**TO DO:** What is needed is an exact copy of the records below, with the pictures left out.

Records drawn from a dataset
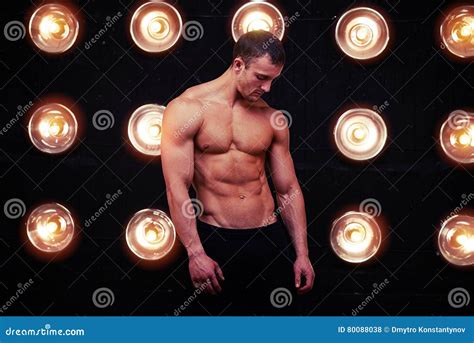 Ripped Muscular And Lean Body Of Male Model In Studio Lights Stock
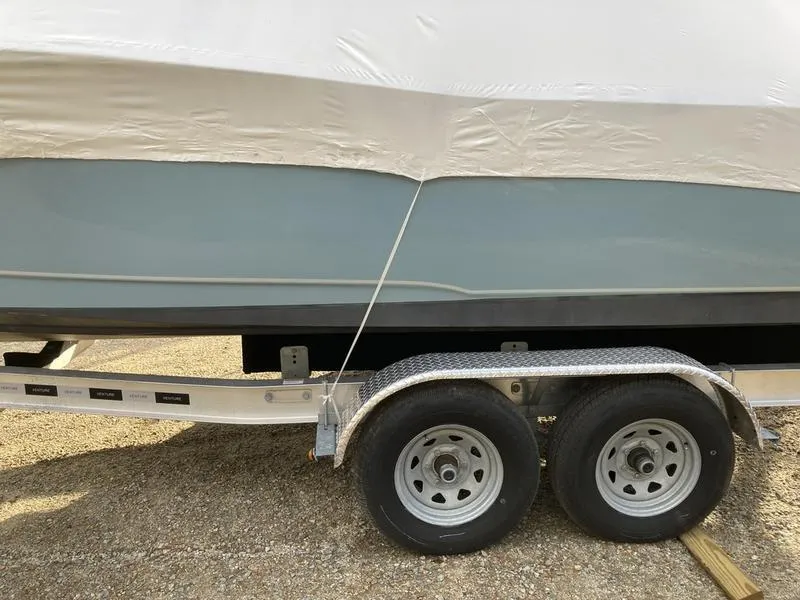 Slide: The Image of 2025 Sea Hunt Ultra 239se boat on trailer, partially covered, side view. - 6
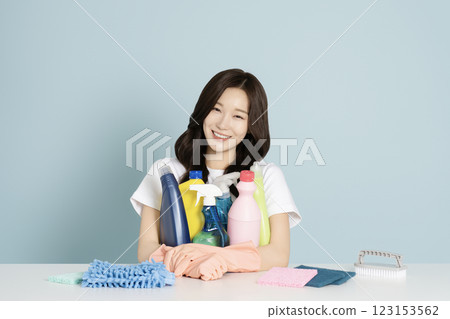 A woman in her 20s sitting in front of a table, wearing rubber gloves and holding a cleaning tool 123153562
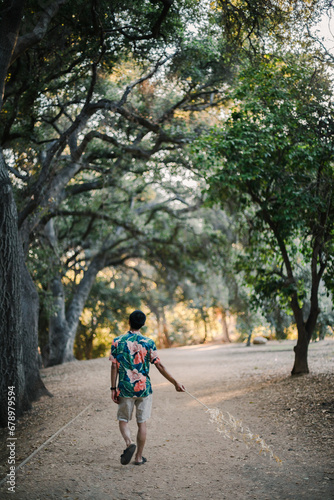 Wallpaper Mural man walking in nature  Torontodigital.ca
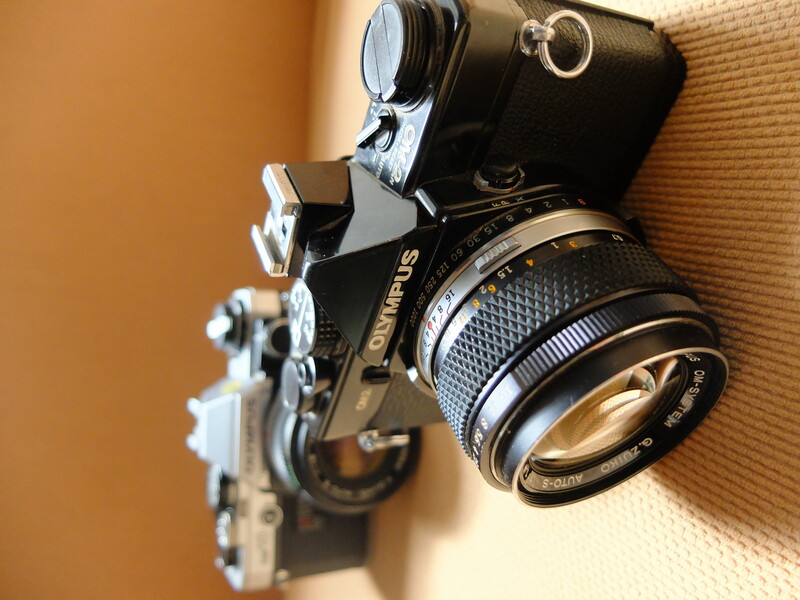 Two vintage Olympus film cameras displayed on a tan textured surface, with a black camera in sharp focus in the foreground.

**EXERCISE SOLUTION:**
 Ripped Muscular And Lean Body Of Male Model In Studio Lights Stock
 Slide: The Image of 2025 Sea Hunt Ultra 239se boat on trailer, partially covered, side view. - 6
 A woman in her 20s sitting in front of a table, wearing rubber gloves and holding a cleaning tool 123153562
 Wallpaper Mural man walking in nature  Torontodigital.ca
 Two vintage Olympus film cameras displayed on a tan textured surface, with a black camera in sharp focus in the foreground.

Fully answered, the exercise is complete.